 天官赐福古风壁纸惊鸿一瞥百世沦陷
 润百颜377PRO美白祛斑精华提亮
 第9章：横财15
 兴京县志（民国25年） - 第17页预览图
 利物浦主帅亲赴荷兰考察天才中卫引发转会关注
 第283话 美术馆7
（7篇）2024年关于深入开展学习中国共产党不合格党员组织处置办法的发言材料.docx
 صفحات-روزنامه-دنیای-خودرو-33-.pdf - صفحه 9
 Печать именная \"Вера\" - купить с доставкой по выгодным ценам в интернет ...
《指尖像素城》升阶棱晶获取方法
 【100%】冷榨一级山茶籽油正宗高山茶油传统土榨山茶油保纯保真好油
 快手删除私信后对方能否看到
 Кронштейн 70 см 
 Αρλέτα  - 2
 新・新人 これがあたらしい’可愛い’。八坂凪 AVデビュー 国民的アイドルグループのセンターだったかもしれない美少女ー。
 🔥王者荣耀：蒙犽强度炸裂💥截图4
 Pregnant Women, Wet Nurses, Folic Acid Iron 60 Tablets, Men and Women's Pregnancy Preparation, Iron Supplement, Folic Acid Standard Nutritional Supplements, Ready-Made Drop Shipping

********************

Copy exactly the lines from the one containing "兴京县志（民国25年） - 第17页预览图" through the last line of the records, both included, and nothing else.

§ **Final answer**
 兴京县志（民国25年） - 第17页预览图
 利物浦主帅亲赴荷兰考察天才中卫引发转会关注
 第283话 美术馆7
（7篇）2024年关于深入开展学习中国共产党不合格党员组织处置办法的发言材料.docx
 صفحات-روزنامه-دنیای-خودرو-33-.pdf - صفحه 9
 Печать именная \"Вера\" - купить с доставкой по выгодным ценам в интернет ...
《指尖像素城》升阶棱晶获取方法
 【100%】冷榨一级山茶籽油正宗高山茶油传统土榨山茶油保纯保真好油
 快手删除私信后对方能否看到
 Кронштейн 70 см 
 Αρλέτα  - 2
 新・新人 これがあたらしい’可愛い’。八坂凪 AVデビュー 国民的アイドルグループのセンターだったかもしれない美少女ー。
 🔥王者荣耀：蒙犽强度炸裂💥截图4
 Pregnant Women, Wet Nurses, Folic Acid Iron 60 Tablets, Men and Women's Pregnancy Preparation, Iron Supplement, Folic Acid Standard Nutritional Supplements, Ready-Made Drop Shipping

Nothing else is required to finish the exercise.